Thank you to Scotia Seeds (Wildflowers of Scotland) for their kind sponsorship of the Freshwater Sprints 2019. You helped make a great community gathering possible.

Loch Tummel Sailing Club and SCRA Freshwater Sprint Course: pic Alan from Boatie Blest/ SCRA Facebook Group

The freshwater spints are the end of season celebration regatta for Scottish Coastal Rowing. The event is held at Loch Tummel, as a warm up for the SCRA AGM which follows on after the racing. The representatives of the forty or so rowing clubs present were arranged into six teams: South West, North West, St Kilda, North East, Fife and South East. The racing is on a sprint course, starting on a line to the East of Loch Tummel sailing club, racing down to a line of turning marks to the west, before a 180 degree turn and heading back to the finish line, which is about half way back to the start. Conditions were excellent for racing if a little bit chilly. At the start of the regatta the water was absolutely still, but the thermometers were showing minus three degrees. The temperature did climb slowly during the day, as did the breeze. As ever with these championships, Perthshire’s Autumn colours gave a fantastic backdrop.

Freshwater Sprints – pic An Eathar
Returning from the Finish. Pic An Eathar

Fife and North East exchanged victories in the early races, with South West and South East chipping in the occasional win. However as the day drew on North East continued to rack up the points and pulled away to retain the trophy which they have won for three of the last four years.

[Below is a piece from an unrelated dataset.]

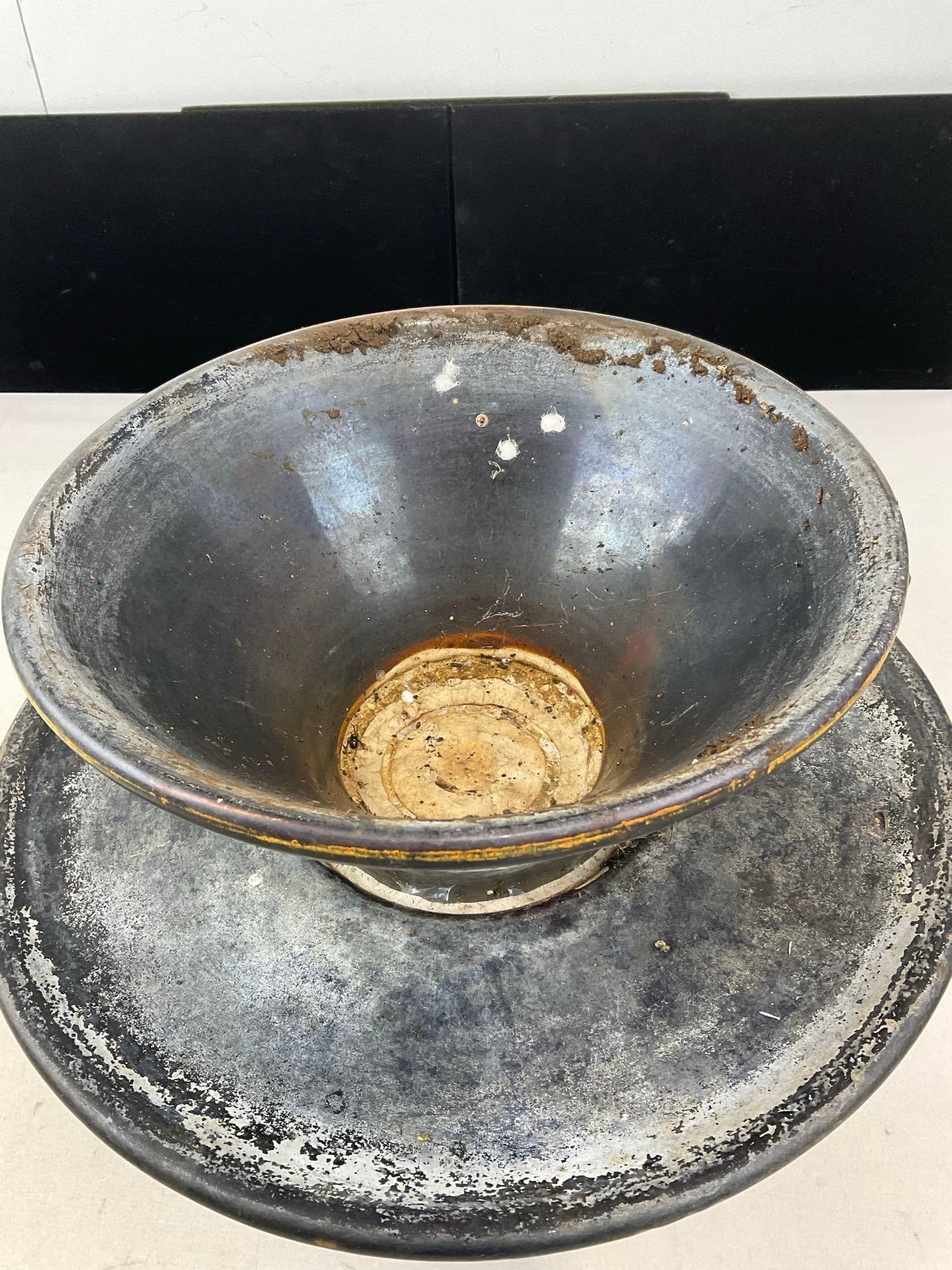 Giant Ceramic Insulator, approx 9h x 15w x 15d inches, Dark Brown Glazed - 4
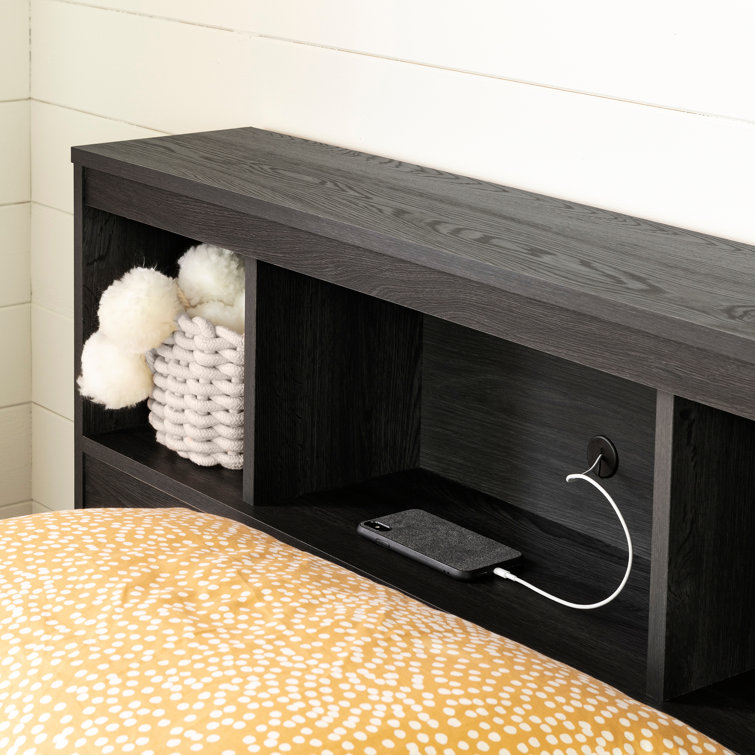 Pure Black Twin Upholstered Wood Bookcase Headboard with Storage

The results sheet can be downloaded here.

  • 1st North East –
  • 2nd South East
  • 3rd Fife
  • 4th South West
  • 5th North and West
  • 6th St Kilda
Pic: Florence Royer, SCRA Facebook Group
Everyone got gold at the Freshwater Sprints – pic An Eathar

In addition to St Ayles racing, SCRA holds its Picnic Class races at the Freshwaters. Hana Werner of Isle of Mull (North West) won the women’s picnic event in Swona, a Clint Chase Caravelle. The Men’s race was won by Andres Leslie of RowPorty (South East) in his Drake 17 “Pasqual”. The magnificent Picnic Class Trophy Basket is awarded to the best performance accross the two races, and was shared this year between “Pasqual” and “15”, a Royal West Sixteen from the South West. It was great to welcome a new boat to the picnic fleet, built specifically to the rule. Stuart Clachan had done a very neat and beautiful job building “Salty Rocket” to his own design. He launched her for the fist time on the evening before the racing.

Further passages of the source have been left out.